Genome comparison and divergence hotspot
The cp genome sequences from the finalized data set were aligned with MAFFT v7.0.0 (Katoh & Frith, 2012) and adjusted manually when necessary. Based on many other cp genome studies, the IRs expansion/contraction could lead to changes in the structure of the cp genome, leading to the length variation of angiosperm cp genomes and contributing to the formation of pseudogenes (Kim & Lee, 2004; Nazareno, Carlsen & Lohmann, 2015; Ivanova et al., 2017). Therefore, we conducted comparative analysis to detect the variation in the LSC/IR/SSC boundaries among the species/varieties. Comparative analysis of the nucleotide diversity (Pi) among the complete cp genomes of Aconitum was performed based on a sliding window analysis using DnaSP 5.10 (Librado & Rozas, 2009). The window length was 600 bp and step size was 200 bp. To test and visualize the presence of genome rearrangement and inversions, gene synteny was performed using MAUVE as implemented in Geneious with default settings based on 14 species and two varieties in both subgenera.
Simple sequence repeats analysis
MISA (http://pgrc.ipk-gatersleben.de/misa/misa.html) (Thiel et al., 2003) is a tool for the identification and location of perfect microsatellites and compound microsatellites (two individual microsatellites, disrupted by a certain number of bases).
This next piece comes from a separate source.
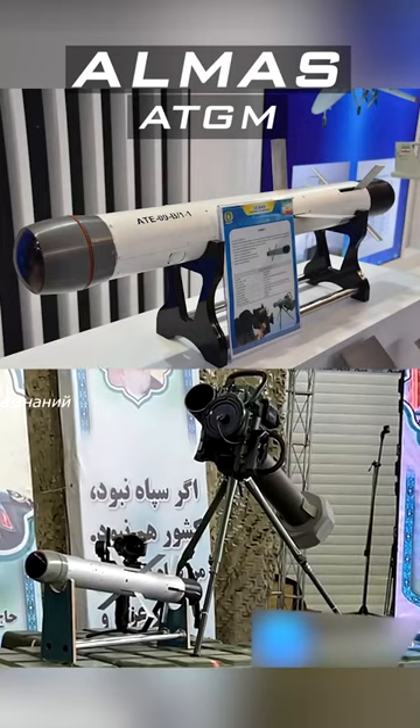This is ALMA's anti-tank guided missile targeting a Merkava tank. It is a fire-and-forget missile with a tandem shape charge warhead, with the forward warhead located just behind the homing head in the missile nose.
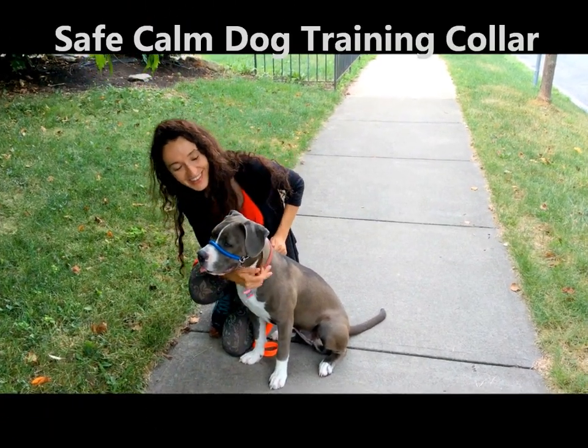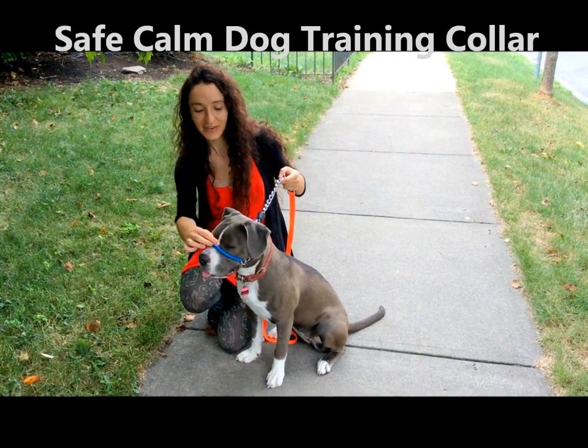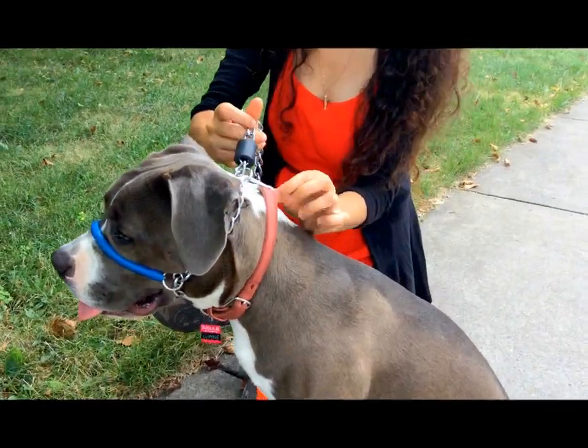Hello, so today Lupine, our little blue-nosed pitbull, is wearing the Safecom collar. It goes right around the snout. And over here we have the safety clip, and it goes right around her collar.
We used MISA to search for potential simple sequence repeats (SSRs) loci in the cp genomes of the three species. The minimum number (thresholds) of SSRs was set as 10, 5, 4, 3, and 3 for mono-, di-, tri-, tetra-, and penta-nucleotides SSRs, respectively. All of the repeats found were manually verified and the redundant ones were removed.
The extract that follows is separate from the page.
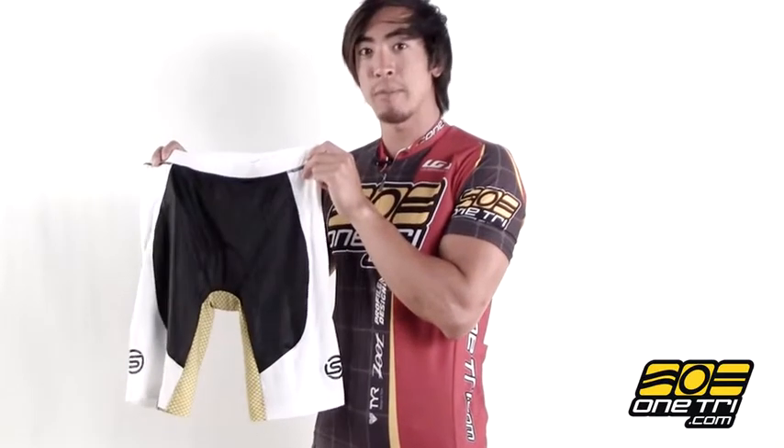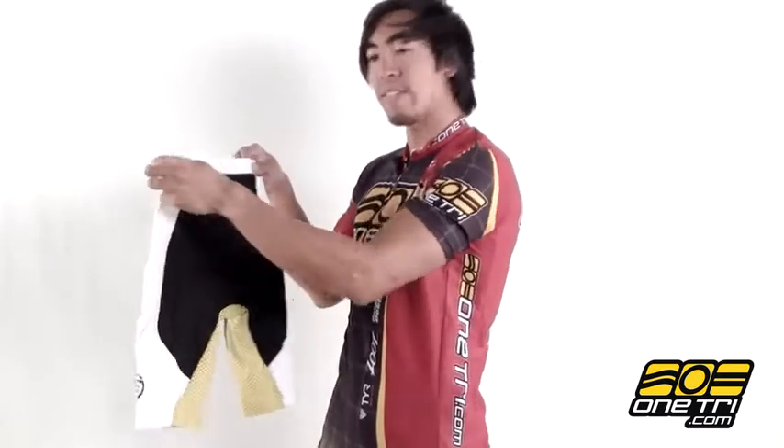Hi, Greg here with OneTry.com and this is the Skins Tri 400 Compression Tri Short. Like all Skins products, it's great compression — graduated compression that's going to keep your muscles from fatiguing for longer. And this pair of shorts doesn't have any pockets, so you'll need a fuel belt or maybe some pockets in the jersey.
Four species and two varieties in subg. Lycoctonum and 10 species in subg. Aconitum were used for phylogenetic reconstruction, with Megaleranthis saniculifolia and Clematis terniflorav as the outgroup. Except for A. kusnezoffii, A. volubile, and A. ciliare, the remaining seven species in subg. Aconitum from Korea were first used for phylogenetic analysis. The complete cp genome sequences and PCGs were used for the phylogenetic reconstruction of Aconitum species in Eastern Asia. Three different methods including Bayesian Inference (BI), Maximum Parsimony (MP), and Maximum Likelihood (ML) were employed. In all analyses, gaps were treated as missing.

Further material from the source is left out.